I have a need to look up "key" terms in an external glossary document. The external document has a default namespace at the root level. The code works fine like this:
<xsl:param name="GLOSSARY" select="'./working_files/glossary.xml'"/>
<xsl:key name="definitions" match="glossentry" use="term/@key" xpath-default-namespace="http://www.abcdef.com/hij"/>
<xsl:variable name="glossaryDocument" select="document($GLOSSARY)"/>
...
<xsl:variable name="definition"> <xsl:for-each select="$glossaryDocument"> <xsl:value-of select="key('definitions', $normalizedText)/definition" xpath-default-namespace=" http://www.abcdef.com/hij"/> </xsl:for-each> </xsl:variable>
After testing I decided to replace the "hardcoded" namespace with a "global" variable. I was surprised to find that this did not work.
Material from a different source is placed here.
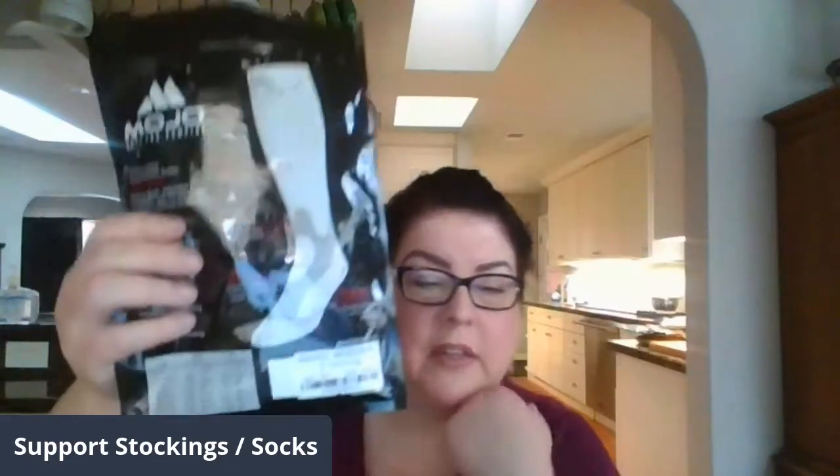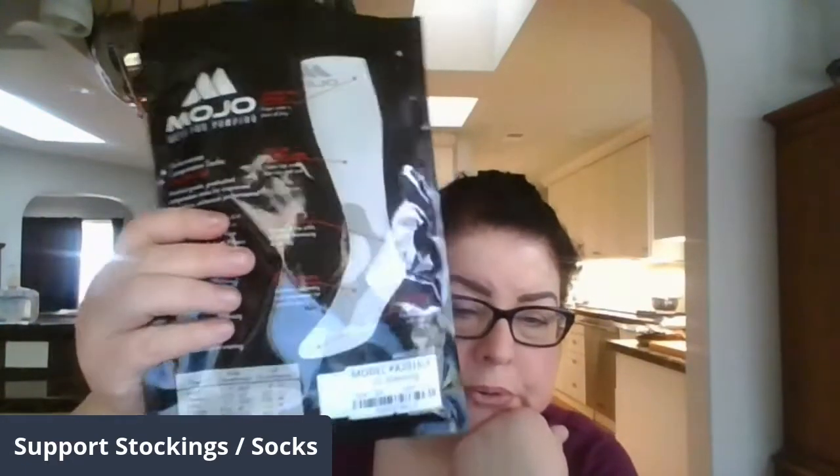I can wear them two days in a row, but I've noticed after washing them they come out of the dryer much better. They're expensive so I try to be gentle with them and I worry about washing them too much. My feet and shoes aren't stinky so sometimes I can go a second day. These are about $25 or $26 a pair.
<xsl:variable name="glossNS" select="'http://www.abcdef.com/hij'" as="xs:anyURL"/>
<xsl:key name="definitions" match="glossentry" use="term/@key" xpath-default-namespace="{$glossNS}"/>
...
<xsl:value-of select="key('definitions', $normalizedText)/definition" xpath-default-namespace="{$glossNS}"/>
I've check the spec and I can't find anything to make me believe this shouldn't work but it's entirely possible I may have missed some subtlety.
Can anyone tell me if this a bug or expected behaviour?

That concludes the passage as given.